An offset account reduces the balance your interest is calculated on. For example, if you owe $500,000 and hold $40,000 in offset, interest is generally calculated on $460,000 instead of the full $500,000.
For some borrowers, the right offset structure can produce a better long-term outcome than chasing the absolute lowest rate with poor flexibility.
Refinancing should improve your structure, not just your rate
A good refinance review should look at repayments, interest savings, offset structure, equity access and long-term loan strategy.
Your 6-Step Refinance Savings Checklist
- Check your current rate, repayment, loan balance and remaining term.
- Compare the new repayment using the same remaining loan term.
- Add up all refinance costs, including discharge, application, valuation, legal and government fees.
- Get any fixed-rate break cost in writing.
- Divide total costs by monthly savings to calculate your break-even point.
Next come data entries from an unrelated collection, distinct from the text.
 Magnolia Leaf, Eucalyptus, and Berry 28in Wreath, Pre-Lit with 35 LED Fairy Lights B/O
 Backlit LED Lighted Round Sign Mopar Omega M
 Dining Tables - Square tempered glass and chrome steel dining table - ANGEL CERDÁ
- Check whether the new loan improves your structure, not just your repayment.
So, Will Refinancing Save You Money?
Refinancing saves you money when the benefits outweigh the costs.
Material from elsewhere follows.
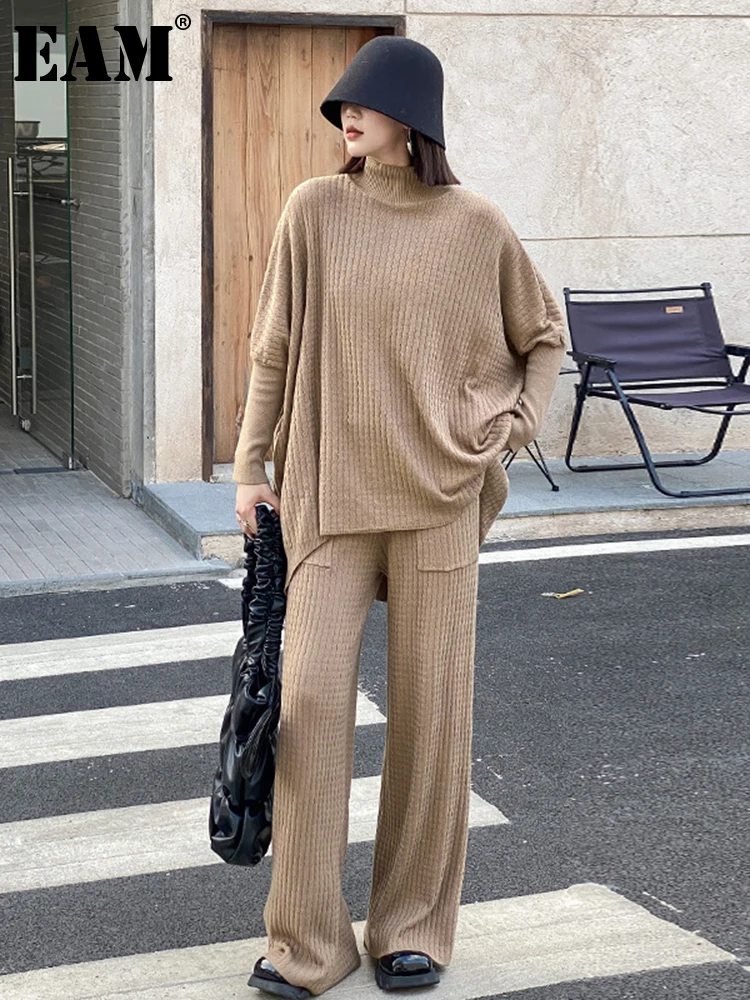 

[EAM] широкие брюки, вязаный костюм из двух предметов большого размера, новинка, круглый вырез, длинный рукав, женская мода, Осень-зима 2022, 1DF2385
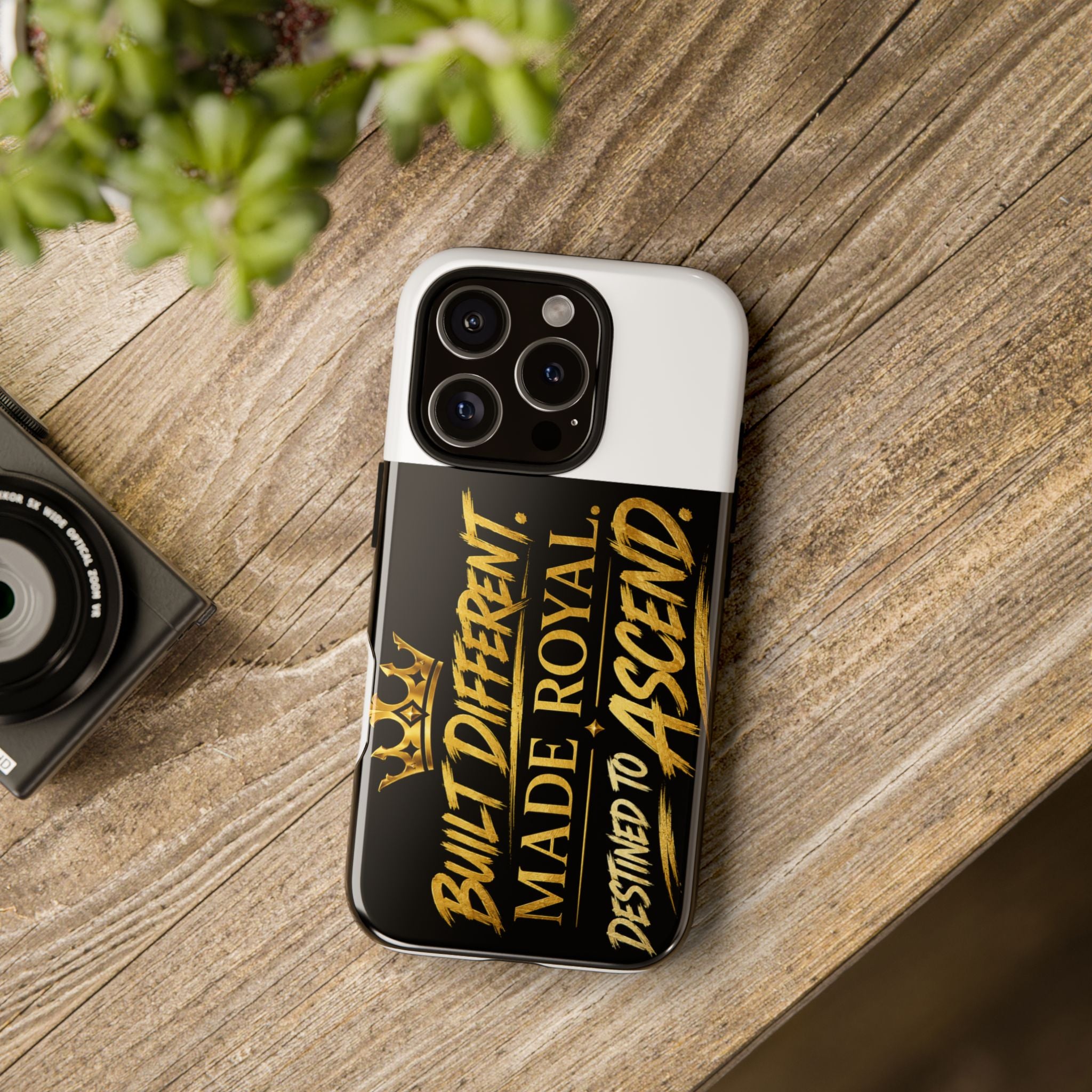 Phone Case - "Built Different. Made Royal. Destined to Ascend" (Gold Crown Motivational Protective Cover)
The key is to compare the full picture:
- How much will your repayment reduce?
- How much will refinancing cost?
- How long until you break even?
- Will the new loan term increase or reduce total interest?
- Does the new structure help you manage cash flow, offset savings, or access equity?
If the numbers stack up, refinancing can be a smart way to reduce interest, improve cash flow, access better loan features, or restructure your mortgage around your long-term goals.
If the numbers do not stack up, a lower advertised rate may not be worth the switch.
Want a clear refinance comparison?
James can review your current loan, compare your options and show whether refinancing is likely to save you money after costs — not just on the advertised rate.
Book a 20-Minute Strategy CallRefinance Savings FAQs
How do I know if refinancing my mortgage will save me money?
Compare your monthly repayment saving against your total refinance costs. Divide the costs by the monthly saving to calculate your break-even point. If you keep the loan longer than the break-even period, refinancing may save money.
Is refinancing worth it for a small rate reduction?
Not always. A small rate reduction may not be enough if the upfront costs are high or if you are likely to sell or refinance again soon.
Should I refinance into a new 30-year loan?
Be careful. A new 30-year term can reduce the monthly repayment, but it may increase the total interest paid. Compare the refinance using your existing remaining loan term first.
Can refinancing help me pay off my mortgage faster?
Yes, if you keep repayments the same or increase them after moving to a lower rate. Using an offset account correctly can also help reduce interest and shorten the loan term.
What is the biggest refinance trap?
The biggest trap is focusing only on the lower repayment amount without checking total interest, loan term, refinancing costs, and the break-even point.